The settlement puts safer gambling controls back under scrutiny, with the regulator saying some customers showing signs of harm were not identified or contacted quickly enough.

The Gambling Commission announcement said the case followed a compliance assessment that found social responsibility failures in Petfre’s policies and procedures. The operator will make the payment as part of a regulatory settlement with the Commission.

UKGC Identifies Customer Interaction Failures

The failures included insufficient processes to identify harm indicators such as spending levels, time spent gambling and spending patterns through automated systems. The Commission also found that Petfre did not have processes to ensure immediate automated action where strong indicators of harm were identified.

One key issue was a process that meant when a customer’s account was flagged for a safer gambling review, it would not be flagged again for a further review for seven days. The Commission said this resulted in some customers showing further harm indicators not being interacted with as promptly as they should have been.

In one case cited by the regulator, a customer received an interaction after surpassing a deposit trigger, and no further action was taken. The customer then deposited and lost a further £17,900 within 24 hours without further intervention.

Settlement Follows Social Responsibility Review

The Commission said Petfre failed to comply with parts of Social Responsibility Code Provision 3.4.3, which covers remote customer interaction. Those requirements are designed to make operators identify, act on and evaluate gambling harm risks as part of an ongoing customer interaction process.

The findings covered failures between October 31, 2023 and June 24, 2024, for several customer interaction requirements. The Commission also said Petfre failed, between October 31, 2023 and December 2025, to clearly define strong indicators of harm in its safer gambling policy and to put automated processes in place for customers showing those indicators.

The £900,000 payment will be made in lieu of a financial penalty and directed to the Consolidated Fund. Petfre also agreed to the publication of a statement of facts and to pay toward the Commission’s investigation costs.

The regulator listed aggravating and mitigating factors in the settlement. It said the operator had previously been subject to regulatory action and that similar issues had been raised in earlier public statements involving other operators. It also said Petfre cooperated fully and quickly put an action plan in place to address the failures.

Commission Warns Other Operators

John Pierce, the Commission’s director of enforcement, said effective policies and procedures are central to safer gambling in Britain. “Diligent implementation of effective policies and procedures are the cornerstones of safer gambling in Britain”, he said.
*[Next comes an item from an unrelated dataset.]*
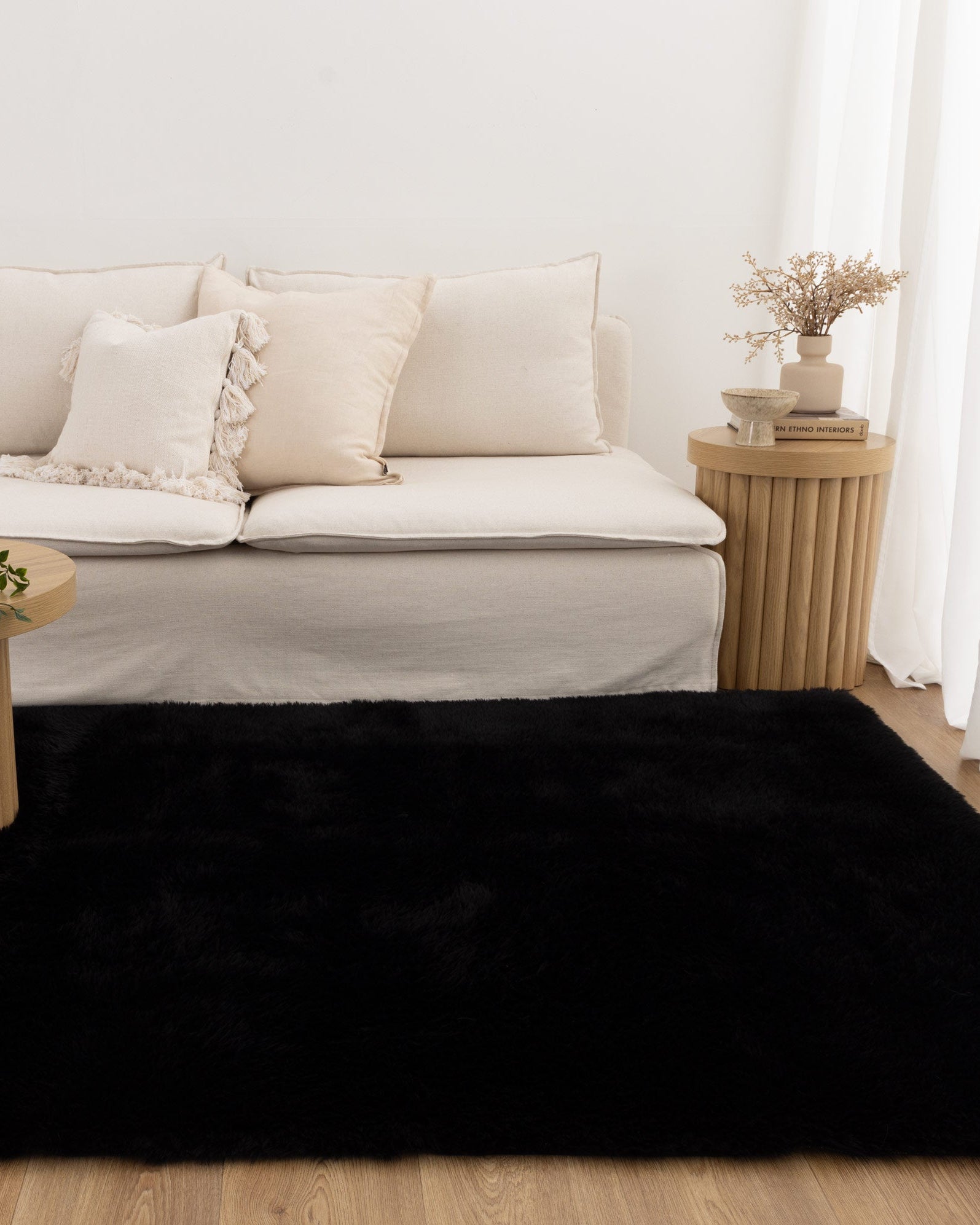 Lyla Machine Washable Shaggy Black Rug.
Pierce said Petfre’s procedures had not been sufficiently effective. “The Commission found that Petfre didn’t have sufficiently effective procedures in place, meaning some customers displaying markers of harm were not contacted quickly enough”, he said.

He added that the licensee had acted quickly after the regulator raised concerns. “While the gaps we identified were unacceptable, the licensee acted swiftly to implement interim mitigating controls to address our immediate concerns. They have since delivered an appropriate action plan and taken significant steps to assure the Commission that their current operating model meets our requirements”, Pierce said.

The Commission said operators should review the findings and check whether their own safer gambling controls identify both financial and behavioral risk indicators. The case gives licensed firms another warning that systems must act on strong signs of harm without delay.